Top of Supplied information

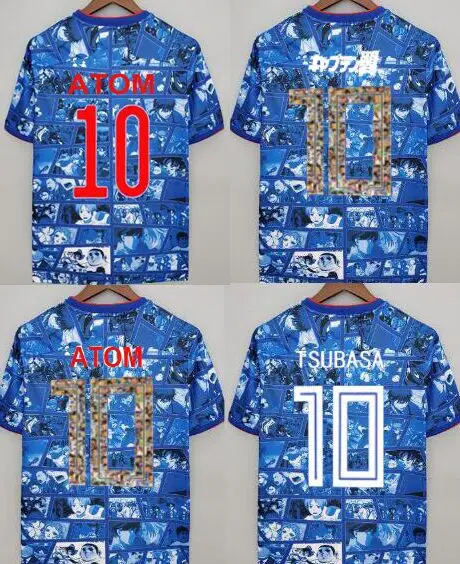 

Maillots de Foot 2021 2022 Captain Tsubasa Japan 21 22 Jerseys Camisetas Futbol Oliver Atom Edition version Shirts kids adult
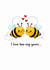 Cute Valentines card – Bees – I love bee-ing yours created by From the Boathouse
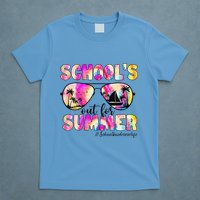 School Bus Driver Out For Summer Tie Dye Sunglasses T-Shirt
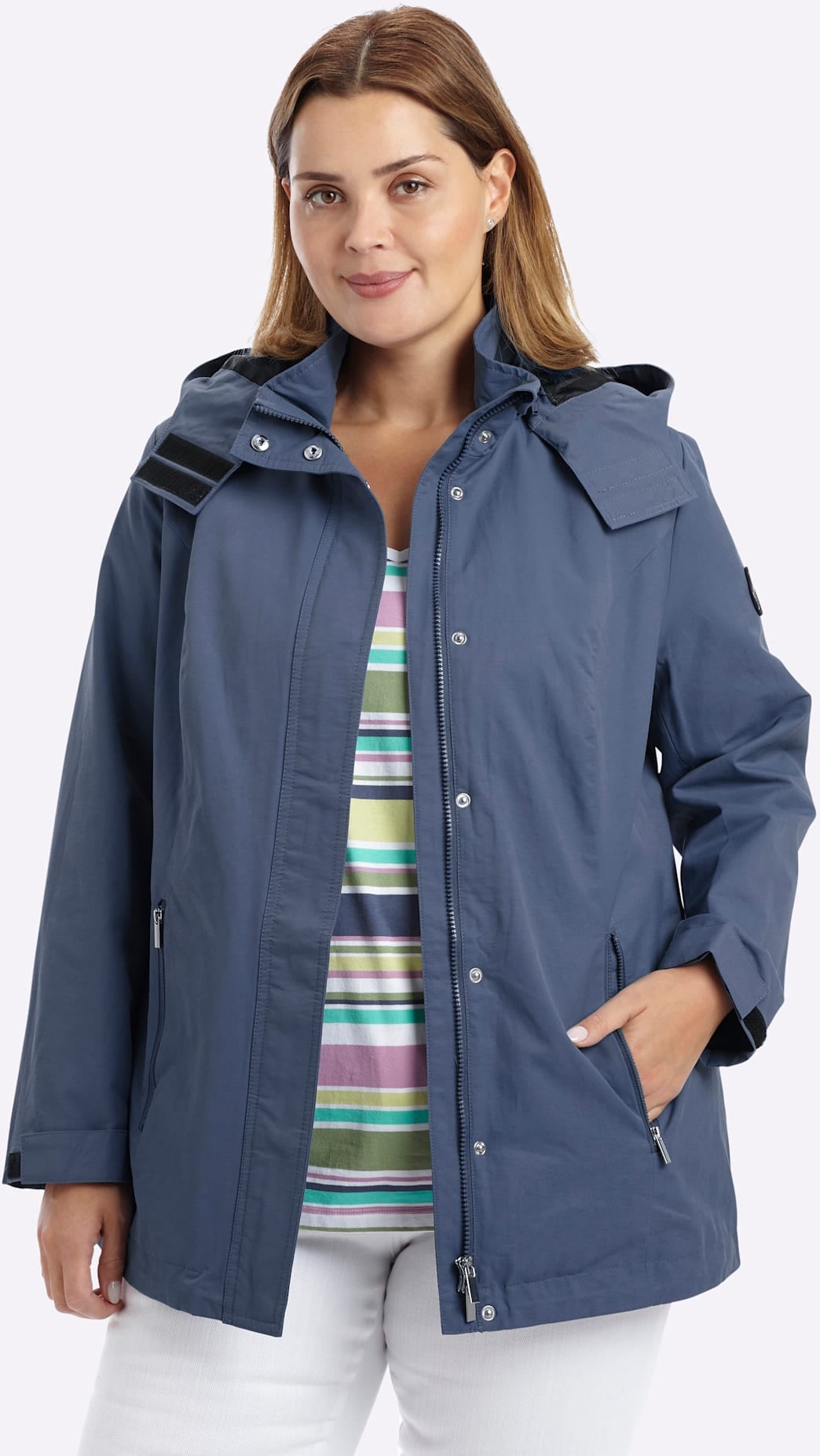 Sheego Regenjacke mit Kapuze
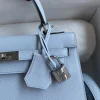 Hermes Kelly 25 Bag In Sky Blue Epsom Leather For Women 25cm/10in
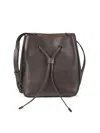 Brunello Cucinelli Women's Leather Shoulder Bag In Brown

Bottom of Supplied information

◆ Task item:
Take the lines from the one holding "Hermes Kelly 25" through the last line of the data above and copy them exactly, both ends included, omitting all pictures.

◆ Result:
 Hermes Kelly 25 Bag In Sky Blue Epsom Leather For Women 25cm/10in
 Brunello Cucinelli Women's Leather Shoulder Bag In Brown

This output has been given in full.